--- Raw data Enclosed Below ---
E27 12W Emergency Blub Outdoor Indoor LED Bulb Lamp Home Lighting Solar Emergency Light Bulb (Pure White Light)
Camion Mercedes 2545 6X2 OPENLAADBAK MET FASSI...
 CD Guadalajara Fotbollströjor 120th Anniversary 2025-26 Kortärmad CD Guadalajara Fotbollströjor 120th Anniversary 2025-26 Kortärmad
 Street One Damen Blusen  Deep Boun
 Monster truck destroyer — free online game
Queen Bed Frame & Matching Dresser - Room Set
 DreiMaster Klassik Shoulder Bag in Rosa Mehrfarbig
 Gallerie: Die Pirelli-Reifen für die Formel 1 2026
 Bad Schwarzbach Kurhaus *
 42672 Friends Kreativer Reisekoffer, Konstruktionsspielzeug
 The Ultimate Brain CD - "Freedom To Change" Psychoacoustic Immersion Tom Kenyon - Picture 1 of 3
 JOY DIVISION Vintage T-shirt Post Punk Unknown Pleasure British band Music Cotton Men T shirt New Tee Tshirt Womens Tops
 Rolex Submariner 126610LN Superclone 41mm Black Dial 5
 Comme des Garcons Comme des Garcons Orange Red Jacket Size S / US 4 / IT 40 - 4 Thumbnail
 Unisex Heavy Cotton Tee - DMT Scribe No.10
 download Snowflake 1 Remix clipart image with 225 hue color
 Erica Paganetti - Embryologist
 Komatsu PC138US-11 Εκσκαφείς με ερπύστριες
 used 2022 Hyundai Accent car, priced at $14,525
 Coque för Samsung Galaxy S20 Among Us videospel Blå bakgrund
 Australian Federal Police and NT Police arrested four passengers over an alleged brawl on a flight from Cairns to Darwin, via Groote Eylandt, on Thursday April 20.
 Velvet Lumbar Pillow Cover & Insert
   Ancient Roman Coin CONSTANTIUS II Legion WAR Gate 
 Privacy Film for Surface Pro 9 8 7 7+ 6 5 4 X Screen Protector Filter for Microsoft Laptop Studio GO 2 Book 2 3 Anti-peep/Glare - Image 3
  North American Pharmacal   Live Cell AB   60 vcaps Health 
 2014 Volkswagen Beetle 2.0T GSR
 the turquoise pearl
--- End of Enclosed Raw data ---
The whole block of data above should be printed again verbatim.

**Task response**:
E27 12W Emergency Blub Outdoor Indoor LED Bulb Lamp Home Lighting Solar Emergency Light Bulb (Pure White Light)
Camion Mercedes 2545 6X2 OPENLAADBAK MET FASSI...
 CD Guadalajara Fotbollströjor 120th Anniversary 2025-26 Kortärmad CD Guadalajara Fotbollströjor 120th Anniversary 2025-26 Kortärmad
 Street One Damen Blusen  Deep Boun
 Monster truck destroyer — free online game
Queen Bed Frame & Matching Dresser - Room Set
 DreiMaster Klassik Shoulder Bag in Rosa Mehrfarbig
 Gallerie: Die Pirelli-Reifen für die Formel 1 2026
 Bad Schwarzbach Kurhaus *
 42672 Friends Kreativer Reisekoffer, Konstruktionsspielzeug
 The Ultimate Brain CD - "Freedom To Change" Psychoacoustic Immersion Tom Kenyon - Picture 1 of 3
 JOY DIVISION Vintage T-shirt Post Punk Unknown Pleasure British band Music Cotton Men T shirt New Tee Tshirt Womens Tops
 Rolex Submariner 126610LN Superclone 41mm Black Dial 5
 Comme des Garcons Comme des Garcons Orange Red Jacket Size S / US 4 / IT 40 - 4 Thumbnail
 Unisex Heavy Cotton Tee - DMT Scribe No.10
 download Snowflake 1 Remix clipart image with 225 hue color
 Erica Paganetti - Embryologist
 Komatsu PC138US-11 Εκσκαφείς με ερπύστριες
 used 2022 Hyundai Accent car, priced at $14,525
 Coque för Samsung Galaxy S20 Among Us videospel Blå bakgrund
 Australian Federal Police and NT Police arrested four passengers over an alleged brawl on a flight from Cairns to Darwin, via Groote Eylandt, on Thursday April 20.
 Velvet Lumbar Pillow Cover & Insert
   Ancient Roman Coin CONSTANTIUS II Legion WAR Gate 
 Privacy Film for Surface Pro 9 8 7 7+ 6 5 4 X Screen Protector Filter for Microsoft Laptop Studio GO 2 Book 2 3 Anti-peep/Glare - Image 3
  North American Pharmacal   Live Cell AB   60 vcaps Health 
 2014 Volkswagen Beetle 2.0T GSR
 the turquoise pearl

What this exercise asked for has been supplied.